Fast and memory-efficient exact attention
BSD 3-Clause "New" or "Revised" License
14.01k stars 1.31k forks source link

FP8 for flash attention 3 and possible concerns #1169

Open TheTinyTeddy opened 2 months ago

TheTinyTeddy commented 2 months ago

Thank you for this amazing work!

I was wondering if the fp8 implementation of flash attention 3 will be able for public to use? My main concern will be accuracy (block quant may have alleviated this issue) and the performance impact from the quantization scaling as in: input fp16->MMA fp8->softmax fp32->MMA fp8->output fp16, and also the wait time between OPs.

I am eager to hear your proposed solution.

Many thanks

tridao commented 2 months ago

FA3 FP8 code is already public in this repo. Accuracy is a open problem, I don't think the community has a consensus on what's the best way to quantize. One can also study that independent of FA3: just do standard attention with quantization and measure accuracy.

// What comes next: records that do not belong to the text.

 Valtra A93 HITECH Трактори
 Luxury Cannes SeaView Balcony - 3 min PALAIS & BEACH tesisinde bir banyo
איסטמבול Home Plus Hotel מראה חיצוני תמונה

What's the "wait time between OPs"?

TheTinyTeddy commented 2 months ago

FA3 FP8 code is already public in this repo. Accuracy is a open problem, I don't think the community has a consensus on what's the best way to quantize. One can also study that independent of FA3: just do standard attention with quantization and measure accuracy.

What's the "wait time between OPs"?

Thank you for the reply. I can see the fp8 implementation now. I have a few questions if you don't mind answering?

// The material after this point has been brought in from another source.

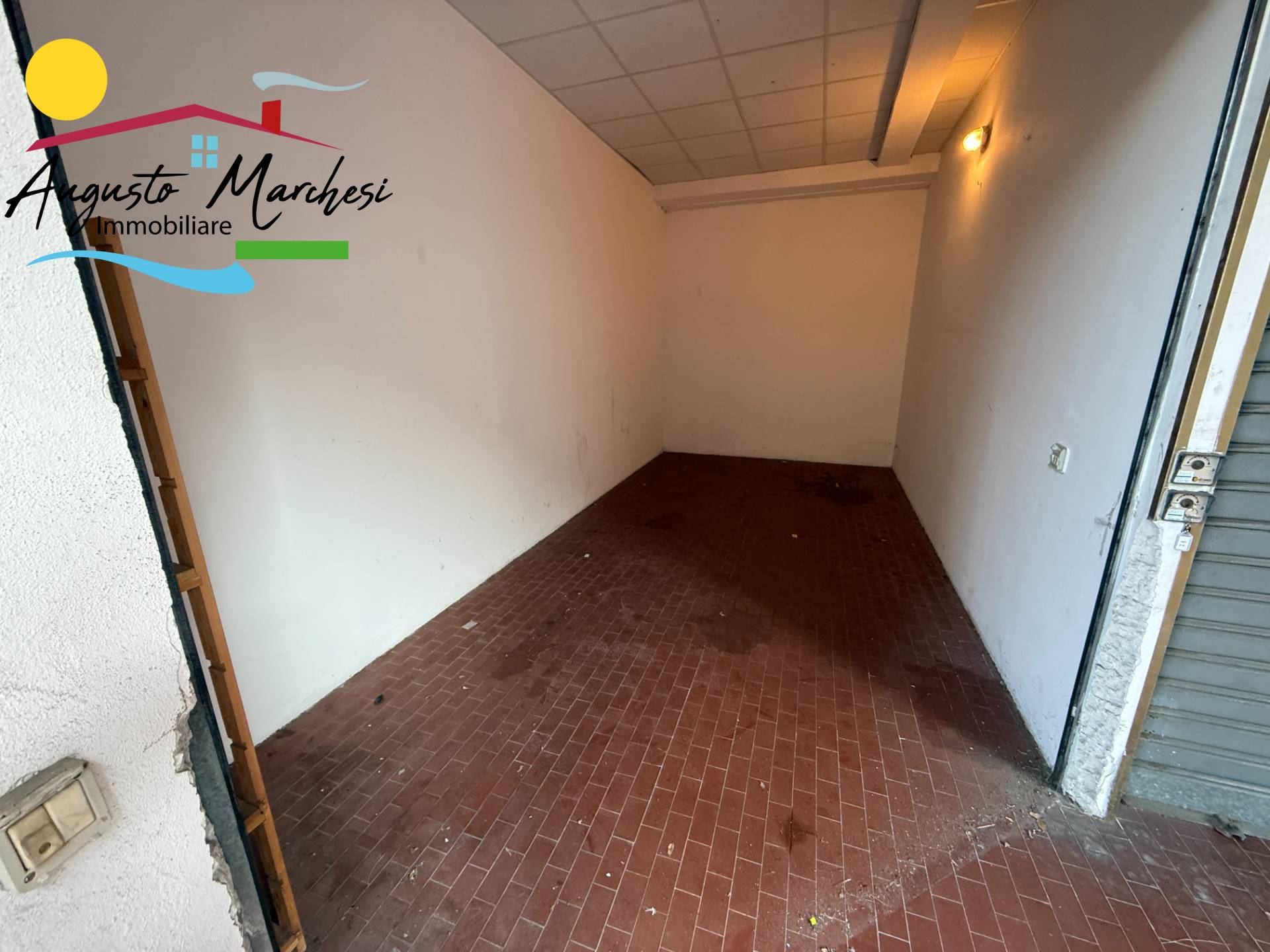 Box auto in affitto a Recco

1) I can see that if the input is fp8 then the flash_attn_func will produce the result (albeit with lower accuracy), but if the input is fp16, then is it possible to do online scalings to fp8 when needed? Did you use any quantisation scaling calls if the input is fp16?

2) The "wait time between OPs" as I understand is that if tensor core perform fp8 MMA, then it is done much faster than those vector OPs (mainly exp performed in fp32), so did you use a larger block size or is the multi-stage pipeline (such as 3-stage method) can alleviate this fp8 pipeline latency issue (if the issue exists at all, don't know if there is any profiling experiments)?

Many thanks

tridao commented 2 months ago

You can try out the only scalings you suggest (input fp16 but casted to fp8 for matmul) and measure accuracy. This can be done independent of FA3. I don't think we've tried that.

TheTinyTeddy commented 2 months ago

You can try out the only scalings you suggest (input fp16 but casted to fp8 for matmul) and measure accuracy. This can be done independent of FA3. I don't think we've tried that.

I see. So you didn't include any quantization scaling within the fp8 flash attention 3 kernel?

yatorho commented 3 weeks ago

Yes, I have the same question. I browsed the code under the hopper folder in the repository, but did not find any content related to block quantization and incoherent processing skills. Can the author give more information? Thank you very much.

Nalilik commented 1 week ago

Same question too.....looking forward to you replay. Thanks.